Para José Ramón Amor, la discriminación de las personas por la sola razón de su edad (cuya denominación es el ageísmo, edadismo, etaísmo) es igual o peor que el racismo o el machismo. «Es una inmoralidad como la copa de un pino. Pero, además, injusto: porque esas personas, hombres y mujeres que en circunstancias muy difíciles –nuestra guerra civil, la segunda guerra mundial– supieron sacrificarse por el bien común, para construir el estado de bienestar del que hoy disfrutamos». Este experto considera que «no podemos asistir impasibles ante hechos como este, que no son más que el resultado del derrumbe y la deconstrucción del modelo ético y antropológico tradicionales».
Por su parte, el dramaturgo Albert Boadella considera que «la longevidad de nuestra población es algo que ha pillado por sorpresa a nuestro Estado de Bienestar» y lo cierto es que José Ramón Amor está de acuerdo con que ésta sea una de las causas de fondo de la crisis latente que nos ha desvelado el coronavirus. «Tener 80 o 90 años hoy es algo común.

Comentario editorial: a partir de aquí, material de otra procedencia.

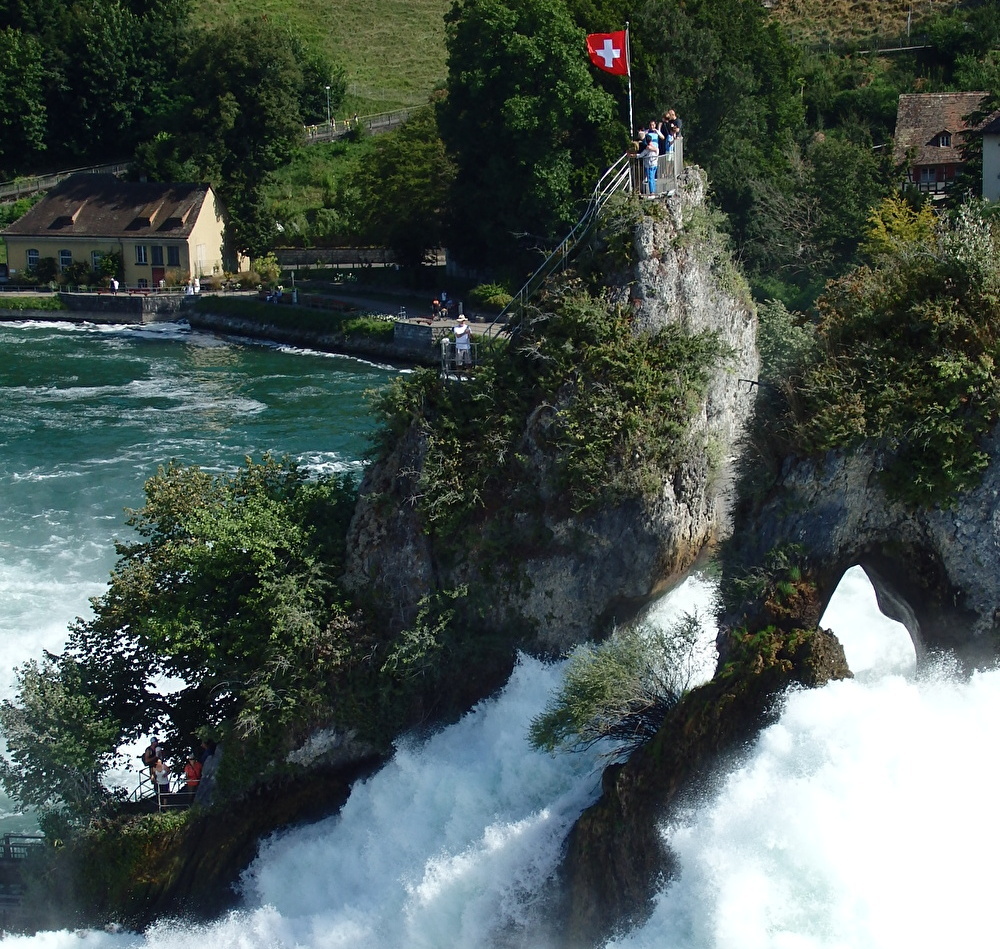 �������}�����I�g���Ԃ��𗁂т�e���X��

Llegar a los 100 años ya no es ninguna cosa de otro mundo: sin ir más lejos, en Galicia, la Comunidad que me vio nacer y en la que vivo, hay ya unas 1.800 personas con esa edad, y casi todas con buena calidad de vida», explica.
Amor también ha ofrecido en la revista «Vida Nueva» un intento paralelo al de Cantera para analizar cuales son las causas de fondo de lo que está sucediendo con nuestros mayores. Para este experto es fundamental que nos demos cuenta de que «no podemos asistir impasibles ante hechos como estos, que no son más que el resultado del derrumbe y la deconstrucción del modelo ético y antropológico tradicionales». Y contra el «ageísmo» y la cultura de la muerte hace falta una «cultura de la vida, y un sí a una sociedad inclusiva en la que todos sus miembros valen lo mismo porque tienen dignidad y no precio».